**Material supplied**
BEGIN

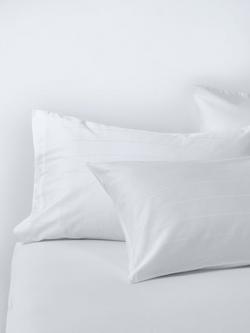 John Lewis Satin Stripe Organic Cotton 400 Thread Count Duvet Cover Set, White - view 2, White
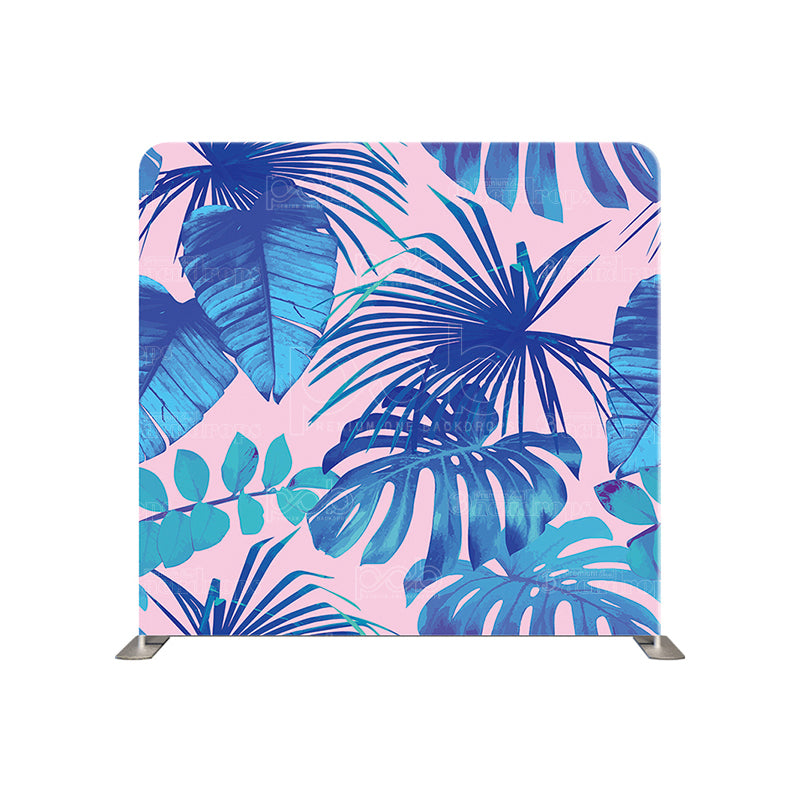 premium one pillowcover backdrops-LIGHT PINK BLUE PALM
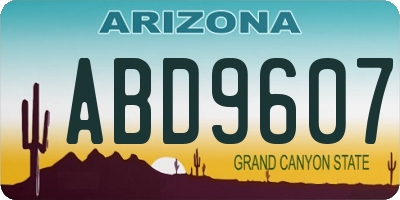 AZ license plate ABD9607
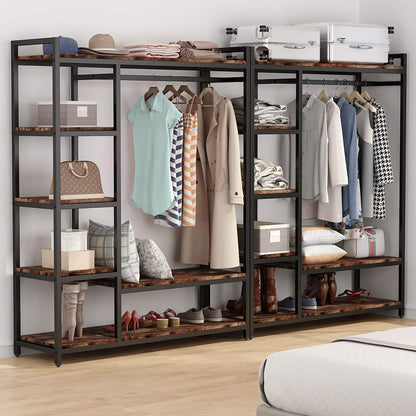LITTLE TREE Free Standing Wood Closet Clothes Rack,Heavy Duty Grament Rack with Shelves,Hanging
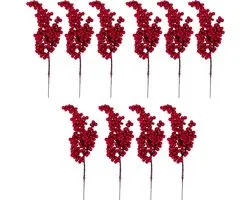 10 x Branche de baies rouges - Branche de baies artificielles - Noël - Décoration de Noël - Brindilles rouges - Pièce de Noël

END

**Assignment**
A faithful, word-for-word version of the records above is needed, with no images in it.

**Expected answer**
 John Lewis Satin Stripe Organic Cotton 400 Thread Count Duvet Cover Set, White - view 2, White
 premium one pillowcover backdrops-LIGHT PINK BLUE PALM
 AZ license plate ABD9607
LITTLE TREE Free Standing Wood Closet Clothes Rack,Heavy Duty Grament Rack with Shelves,Hanging
 10 x Branche de baies rouges - Branche de baies artificielles - Noël - Décoration de Noël - Brindilles rouges - Pièce de Noël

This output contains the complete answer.